Industrial production rose 1.6% in October after falling 1.3% in September, as about half of the gain in October reflected a recovery from the effects of Hurricane Ida, according to the U.S. Federal Reserve.
Manufacturing output increased 1.2% in October. Excluding a large gain in the production of motor vehicles and parts, factory output moved up 0.6%. The output of utilities rose 1.2%, and mining output stepped up 4.1%.
At 101.6% of its 2017 average, total industrial production in October was 5.1% above its year-earlier level and at its highest reading since December 2019.
In October, capacity utilization for the industrial sector increased 1.2 percentage points to 76.4%; even so, it was still 3.2 percentage points below its long-run (1972–2020) average.
The Fed said all major market groups posted gains in October. The largest increases were for materials, consumer goods and defense and space equipment.
The index for consumer goods advanced 1.4 %, an increase driven mostly by a rise in automotive products.
The index for materials moved up 2.3%, with gains in its durable, nondurable and energy components.

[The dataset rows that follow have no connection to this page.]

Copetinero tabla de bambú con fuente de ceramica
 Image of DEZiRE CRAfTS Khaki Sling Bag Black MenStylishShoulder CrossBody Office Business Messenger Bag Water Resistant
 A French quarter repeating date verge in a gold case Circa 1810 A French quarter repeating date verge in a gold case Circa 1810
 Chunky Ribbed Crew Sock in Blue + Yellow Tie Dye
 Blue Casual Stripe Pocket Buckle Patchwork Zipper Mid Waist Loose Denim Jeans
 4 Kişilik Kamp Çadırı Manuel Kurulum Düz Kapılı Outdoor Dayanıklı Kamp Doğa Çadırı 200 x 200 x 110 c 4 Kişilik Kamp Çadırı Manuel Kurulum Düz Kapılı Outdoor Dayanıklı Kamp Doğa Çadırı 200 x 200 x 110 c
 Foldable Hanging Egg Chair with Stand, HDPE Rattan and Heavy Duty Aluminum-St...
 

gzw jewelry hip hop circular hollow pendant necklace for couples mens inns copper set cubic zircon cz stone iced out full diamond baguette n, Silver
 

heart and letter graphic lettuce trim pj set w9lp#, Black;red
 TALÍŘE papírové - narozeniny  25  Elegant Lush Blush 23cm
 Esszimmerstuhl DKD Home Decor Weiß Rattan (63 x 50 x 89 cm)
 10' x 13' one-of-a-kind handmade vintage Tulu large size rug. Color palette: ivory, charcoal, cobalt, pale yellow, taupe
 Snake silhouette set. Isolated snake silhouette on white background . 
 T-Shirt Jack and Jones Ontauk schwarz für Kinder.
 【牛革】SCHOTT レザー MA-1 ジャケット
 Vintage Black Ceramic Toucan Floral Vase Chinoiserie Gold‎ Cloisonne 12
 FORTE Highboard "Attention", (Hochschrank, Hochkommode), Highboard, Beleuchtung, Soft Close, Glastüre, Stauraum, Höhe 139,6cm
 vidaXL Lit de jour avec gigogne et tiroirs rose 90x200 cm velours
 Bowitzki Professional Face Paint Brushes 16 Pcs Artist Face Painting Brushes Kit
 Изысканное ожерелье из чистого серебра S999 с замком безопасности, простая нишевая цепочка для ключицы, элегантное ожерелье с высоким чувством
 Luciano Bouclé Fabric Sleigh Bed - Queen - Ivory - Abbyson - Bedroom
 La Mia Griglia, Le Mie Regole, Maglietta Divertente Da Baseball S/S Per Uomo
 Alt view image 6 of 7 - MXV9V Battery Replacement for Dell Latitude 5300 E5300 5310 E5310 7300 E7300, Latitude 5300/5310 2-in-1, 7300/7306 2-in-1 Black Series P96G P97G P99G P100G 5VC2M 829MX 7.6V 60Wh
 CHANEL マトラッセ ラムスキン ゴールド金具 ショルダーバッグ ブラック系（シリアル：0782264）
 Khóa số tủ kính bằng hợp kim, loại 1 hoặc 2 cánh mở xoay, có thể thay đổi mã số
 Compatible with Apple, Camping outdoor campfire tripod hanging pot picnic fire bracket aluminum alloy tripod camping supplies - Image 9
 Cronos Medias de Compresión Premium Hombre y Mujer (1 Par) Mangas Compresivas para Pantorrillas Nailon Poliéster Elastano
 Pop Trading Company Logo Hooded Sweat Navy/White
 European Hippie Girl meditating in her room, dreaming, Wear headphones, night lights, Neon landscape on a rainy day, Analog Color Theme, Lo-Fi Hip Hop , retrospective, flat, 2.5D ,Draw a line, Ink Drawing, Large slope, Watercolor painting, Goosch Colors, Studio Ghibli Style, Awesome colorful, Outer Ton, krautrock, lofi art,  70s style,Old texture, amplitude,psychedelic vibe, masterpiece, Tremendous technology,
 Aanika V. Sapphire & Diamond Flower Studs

The increase in durable materials included a sizable contribution from motor vehicle parts, while the gains in nondurable and energy materials largely reflected a return to operation for many chemical and energy facilities that had been offline due to Hurricane Ida.
Manufacturing output rose 1.2%, its highest level since March 2019.
The indexes for both durable and nondurable goods advanced 1.3%, while the index for other manufacturing (logging and publishing) fell 1.5%. Within durables, the largest increase was posted by motor vehicles and parts, while a strike at a major manufacturer contributed to a decrease of 1.3% for machinery.
Within nondurables, the index for petroleum and coal products moved up 5%. Gains of more than 1% were also recorded by printing and support and by chemicals.